What you should do:
Only the lines below from the one containing "Read +99 Reinforced" to the one containing "Image 16 of 38: Bedroom" should be repeated, both included and unchanged.

Data extracts:
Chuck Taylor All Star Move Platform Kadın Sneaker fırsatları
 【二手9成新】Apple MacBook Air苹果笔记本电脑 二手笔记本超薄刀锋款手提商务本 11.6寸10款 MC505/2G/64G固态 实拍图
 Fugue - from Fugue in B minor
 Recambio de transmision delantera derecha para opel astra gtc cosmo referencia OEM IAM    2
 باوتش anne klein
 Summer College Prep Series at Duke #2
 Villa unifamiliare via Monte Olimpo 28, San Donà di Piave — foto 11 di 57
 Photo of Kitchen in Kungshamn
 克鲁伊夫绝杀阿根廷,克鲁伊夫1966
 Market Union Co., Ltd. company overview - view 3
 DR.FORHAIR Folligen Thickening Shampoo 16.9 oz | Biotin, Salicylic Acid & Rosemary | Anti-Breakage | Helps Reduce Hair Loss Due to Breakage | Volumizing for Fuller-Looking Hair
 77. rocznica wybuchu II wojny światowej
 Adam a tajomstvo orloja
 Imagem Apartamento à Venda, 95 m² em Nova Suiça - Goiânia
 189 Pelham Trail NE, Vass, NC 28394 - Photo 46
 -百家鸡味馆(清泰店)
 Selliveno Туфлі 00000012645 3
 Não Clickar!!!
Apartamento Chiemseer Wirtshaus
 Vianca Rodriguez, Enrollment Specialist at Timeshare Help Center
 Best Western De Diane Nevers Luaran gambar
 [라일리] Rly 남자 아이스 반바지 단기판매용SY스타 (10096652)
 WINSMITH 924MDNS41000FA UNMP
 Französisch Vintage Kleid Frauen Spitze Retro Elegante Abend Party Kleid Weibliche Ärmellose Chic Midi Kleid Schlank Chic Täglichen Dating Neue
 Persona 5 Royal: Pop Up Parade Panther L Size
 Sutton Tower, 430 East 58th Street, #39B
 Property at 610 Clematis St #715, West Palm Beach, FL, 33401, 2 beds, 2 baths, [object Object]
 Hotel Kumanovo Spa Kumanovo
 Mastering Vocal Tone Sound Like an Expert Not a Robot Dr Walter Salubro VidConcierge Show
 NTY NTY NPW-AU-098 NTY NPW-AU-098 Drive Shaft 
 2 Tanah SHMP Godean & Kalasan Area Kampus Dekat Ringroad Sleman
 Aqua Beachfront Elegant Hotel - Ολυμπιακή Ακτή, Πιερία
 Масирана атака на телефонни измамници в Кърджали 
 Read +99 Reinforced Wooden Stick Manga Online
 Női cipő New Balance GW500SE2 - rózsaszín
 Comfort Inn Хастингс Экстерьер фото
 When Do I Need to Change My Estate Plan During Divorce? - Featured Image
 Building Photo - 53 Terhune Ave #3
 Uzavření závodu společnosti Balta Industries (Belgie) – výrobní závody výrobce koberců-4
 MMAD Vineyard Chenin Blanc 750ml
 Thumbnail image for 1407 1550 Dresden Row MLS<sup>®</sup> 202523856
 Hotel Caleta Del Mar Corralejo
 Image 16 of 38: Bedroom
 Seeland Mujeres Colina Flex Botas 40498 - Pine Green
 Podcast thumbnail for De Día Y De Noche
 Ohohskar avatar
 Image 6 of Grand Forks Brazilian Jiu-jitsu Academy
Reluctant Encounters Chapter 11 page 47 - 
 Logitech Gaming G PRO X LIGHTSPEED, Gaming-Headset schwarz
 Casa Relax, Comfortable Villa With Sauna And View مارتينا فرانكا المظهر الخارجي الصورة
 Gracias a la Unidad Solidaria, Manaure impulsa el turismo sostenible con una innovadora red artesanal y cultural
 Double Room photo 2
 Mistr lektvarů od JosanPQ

Written response:
 Read +99 Reinforced Wooden Stick Manga Online
 Női cipő New Balance GW500SE2 - rózsaszín
 Comfort Inn Хастингс Экстерьер фото
 When Do I Need to Change My Estate Plan During Divorce? - Featured Image
 Building Photo - 53 Terhune Ave #3
 Uzavření závodu společnosti Balta Industries (Belgie) – výrobní závody výrobce koberců-4
 MMAD Vineyard Chenin Blanc 750ml
 Thumbnail image for 1407 1550 Dresden Row MLS<sup>®</sup> 202523856
 Hotel Caleta Del Mar Corralejo
 Image 16 of 38: Bedroom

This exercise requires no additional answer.